Nel mio film l'eccidio di Codevigo è “solo” lo sfondo.
Alla fine c'è un messaggio per me molto importante: uno dei partigiani strappa
ad uno dei giustiziati una croce insanguinata, che conserva come bottino di
guerra. E che diverrà un simbolo di speranza quando, anni dopo la strage, viene
restituita al padre di una delle vittime come segno di pacificazione: la
ricostruzione dell'Italia non può prescindere dalla ricostruzione reale della
storia, senza accuse nei confronti di nessuno, ma con coscienza e sincerità.

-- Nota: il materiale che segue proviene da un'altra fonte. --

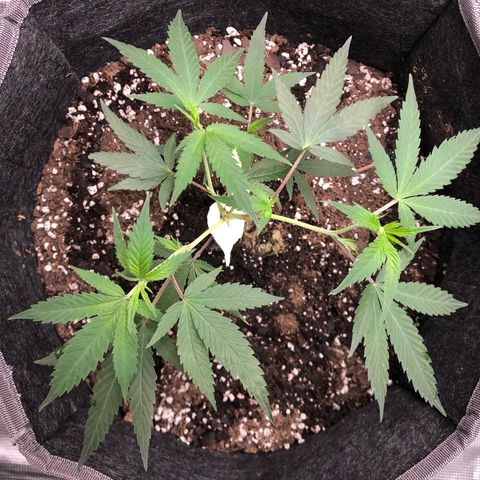 1-SSH-1 #12 growlog timeline photo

Bisogna poter rivedere insieme qualcosa che fa parte di un passato che deve
diventare chiaro e condiviso, perché solo nella chiarezza del nostro passato
c'è la speranza nel futuro.
Ti abbiamo definito “regista scomodo” perché il tuo
voler raccontare la verità storica dell'eccidio di Codevigo, ti ha creato
parecchi problemi. Che tipo di difficoltà hai incontrato nella lavorazione de
“Il segreto”?
Premetto che leggendo di quel che è successo a
Codevigo ho provato una certa sofferenza anche personale, perché mi è tornato
alla mente un altro capitolo “dimenticato” della storia italiana, quello delle
foibe (che peraltro ha coinvolto direttamente la mia famiglia). E ho portato
questo coinvolgimento nella lavorazione del film. Man mano che andavo avanti mi
accorgevo che avevo scelto un argomento più difficile del previsto, perché il
comandante della Garibaldi, Arrigo Boldrini, era stato deputato e senatore,
nonché presidente dell'ANPI. Oltretutto sia lui sia il gruppo da lui guidato
erano stati insigniti della medaglia d'oro al valore della resistenza. Che
secondo la vulgata dominante è stata quella che ha ridato vita e valore alla
nuova Italia. Inutile dire che parlare di episodi in cui i partigiani hanno
commesso atrocità è nella migliore delle ipotesi considerato irriverente. Dopo
due anni di lavoro, materialmente ed emotivamente faticoso, ci siamo trovati in
ginocchio. Forse in seguito alle due raccomandate ricevute dall'avvocato della
famiglia di Arrigo Boldrini e/o ad altre pressioni, ci sono stati rifiutati i
mezzi e i finanziamenti – che già avevamo ottenuto – per proseguire nella
realizzazione del film. Per fortuna grazie ad un articolo di Stefano Lorenzetto
(apparso l'11 novembre scorso su Il Giornale), si sono accesi i riflettori
sulla storia de Il segreto. Poi, anche grazie a Il Giornale d'Italia e al
passaparola che ne è seguito, si è attivata una specie di “questua popolare”,
un contributo economico collettivo al mio progetto. Che ha dato a tutti noi una
nuova spinta oltre che materiale, anche – e forse soprattutto – morale, che ci
ha indotto ad andare avanti nonostante tutto e tutti.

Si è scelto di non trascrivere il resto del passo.